I mean those tie dyed T-shirts had the same sort of color combinations and the posters for the west coast music events were painted like that all splashy and bright with vague shapes and sort of misty and nothing for the eye to latch on to and the reason was all of those dirty, drug-crazed hippie dope-freaks taking cough syrup and No-Doze and mixing it with Jim Beam and TAB and staying up all hours of the night doing things that the Baptist minister would never approve of and making all sorts of ungodly indecent sex-crazed dope-fed stuff!

But even after the Sixties passed LeRoy never changed, fortunately by that time the worst of the Testosterone Poisoning had passed I could with some reasonable effort think and cogitate and I noticed that the paintings I had found so undisciplined and random a few years ago now looked amazing and innovative.

LeRoy Neiman captured sport in a way that no other artist has managed and created some of the most iconic images of the later half of the twentieth century.

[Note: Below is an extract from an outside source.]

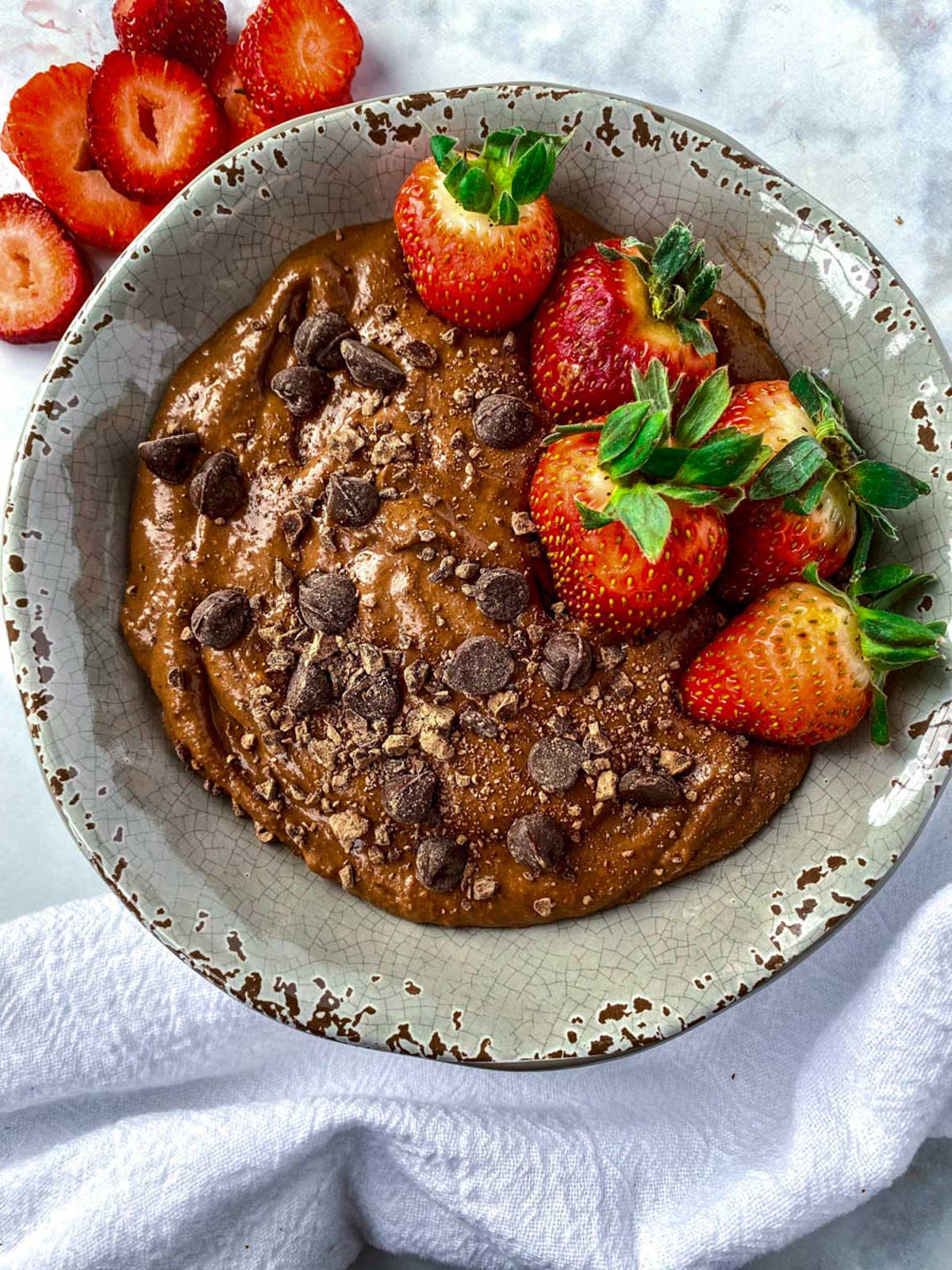 brownie batter hummus in a bowl topped with crushed chocolate, chocolate chips and strawberries.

And if you think his work is all Rocky and Femlins you haven’t seen his Lincoln or the magnificent African animals he did.


Mr. Neiman’s estate jealously guards his work and well they should so I cannot post any of his works here, but I can add a link which amazingly enough I just did and now you can go and see for yourself assuming you weren’t a red-white and blue-blooded, normal, American boy in the fifties and started sneaking THAT magazine before Marilyn’s photo had completely dried from the offset roller cause if you were you saw his work as it was being done in-between looking at the Vargas Girls and the Centerfolds which in no way caused mental illness or hair to grow in your palms unlike what Coach told all of us so see you have nothing to fear and if you do happen to go back and take a look at the originals don’t stop to look at the Centerfold of Fran Gerard, Reagan Wilson or Marilyn Cole or you’ll never get anything done. Okay, you can stop at Frannie’s pictures cause she single-handedly killed Dorothy Parker’s famous quip about girls and glasses, but don’t linger and do take a look at the treasure of LeRoy Neiman’s art.

LeRoy Neiman American artist, died June 20, 2012.